Friday, October 29, 2004

Board of Directors

Austin, Texas 10/24/2004

If the federal government is a corporation with the President as its CEO (a flawed, but sometimes useful metaphor), the Supreme Court is its Board of Directors. They sit on the sidelines, out of the fray, but exert their collective will on the most important questions and disputes -- or at least the ones they consider to be most important. And, barring some sort of overt criminal behavior, they're there until retirement or death.

Indeed, from a political standpoint, they can be the gift that keeps on giving; the lagging indicator of worldview.

If you happen to be from my side of the political divide, that `lagging' served us well for several decades; the lagging culture was one that respected the public space. But now what happens if a second Bush administration ensues? Well, given their ideological outlook (for the President to say `no litmus test' would be rather like stating `no height requirement' when the field from which you draw is made up solely of NBA forwards) and the history of court appointments made by Republican administrations in the latter half of the twentieth century (Warren, Brennan, Stevens, Souter), you can be sure that whoever is nominated will be very well vetted, scoured for any presence of "incorrect" thinking.

Which brings up a different point -- and a confession. For years now, since the Nixon administration, the right has made much noise about wanting "strict constructionists" who won't "legislate from the bench". Ah, that elusive "strict interpretation of the law". The left has denied the charge. Well, here's the confession. They do. They all do. Left or right -- it doesn't matter.

And that's why it's so important. The Supreme Court justices appointed over the next presidential term (likely three, but only time will tell) are likely to be shaping American law at a time when my grandchildren are capable of following the story.

(By the way, I have one child, a son. He's not quite two and a half.)

Thursday, October 28, 2004

Strict Interpreter

Austin, Texas 10/28/2004

The campaign is almost over and the great ad blitz is in full swing.

No, I'm not talking about the presidential race; I'm not even talking about the various legislative races that are going on, filled with claim, counterclaim and hyperbole as they are (putting the most virulent of the national ads to shame, by the way). I'm talking about judges.

Here in Texas, judges are elected. Most seats are not particularly contested (as I said, this is Texas), but the rhetoric still flies. And time after time, what you hear sounds something like this:

"He shares our values. He'll be tough on crime. He'll strictly interpret the laws, not legislate from the bench."
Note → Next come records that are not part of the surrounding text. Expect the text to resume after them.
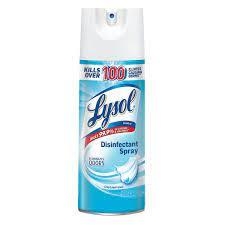 LYSOL AEROSOL DESINFETANTE FLOR DE ALGODÃO 210 ML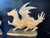 Chinoiserie Pair of Vintage Brass Dragon Chinoiserie Bookends For Sale - Image 3 of 5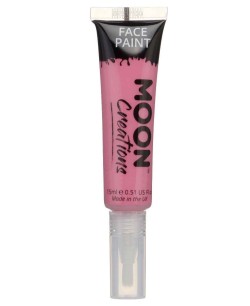 MAQUILLAJE AQUA COLOR FUCSIA CON APLICADOR 15 ML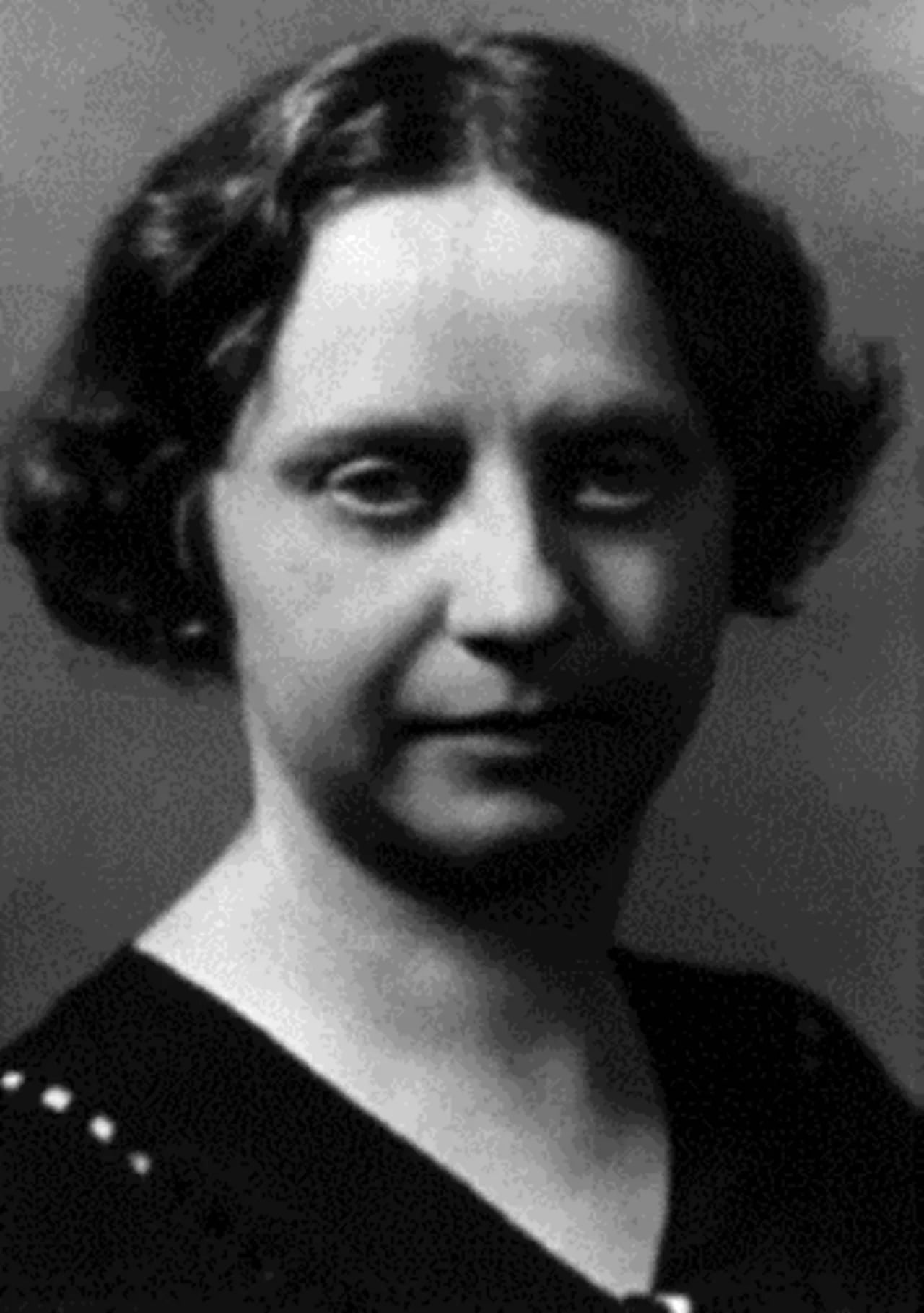 Portrait of Flora Kleinschnitzová (1891–1946) – memorial page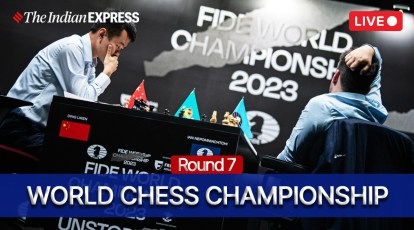 World Chess Championship 2023 Round 2 As It Happened: Ian Nepomniachtchi  with black beats Ding Liren to take lead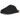 Adidas Adimule Slides Core Black Gum sneakers i vinklet visning med sort ruskind og gummisål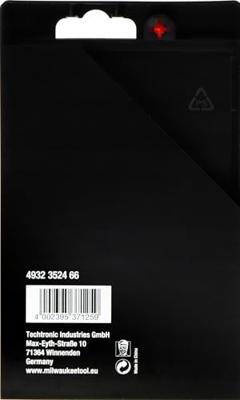 Milwaukee Accessoires set houtboren in kunststof cassette (8-delig) - 4932352466 Milwaukee Accessoires set houtboren in kunststof cassette (8-delig) - 4932352466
As they say in the land of my birth, "Gimme a break!" Judges, of whatever stripe, legislate from the bench all the time. All the time. It's what they do. Left or right -- it doesn't matter. And, seriously, there's nothing wrong with that. It's the very reason why we even bother to subject judges to the political process (whether it be by election, legislative confirmation or any other method). Otherwise, we'd just have some faceless technocrat -- a legal engineer, as it were -- making these decisions. We don't; it's obviously too important.

It's high time we 'fess up on this, from both sides, at the very least in the name of honesty. (We do want honest judges, don't we? Oh wait, don't answer that). Wouldn't it be nice to hear something like:

"When he's elected he'll make sure that every possible step will be taken to imprison people who you, the voting public, find scary -- no matter what the demonstrable facts are. He treasures the values of the common people -- who can tell who's guilty just by lookin' at 'em. He'll make sure to make things right for people like us"

Same message -- we've just broken the code.

So let's cut out this "strict interpretation" stuff, OK?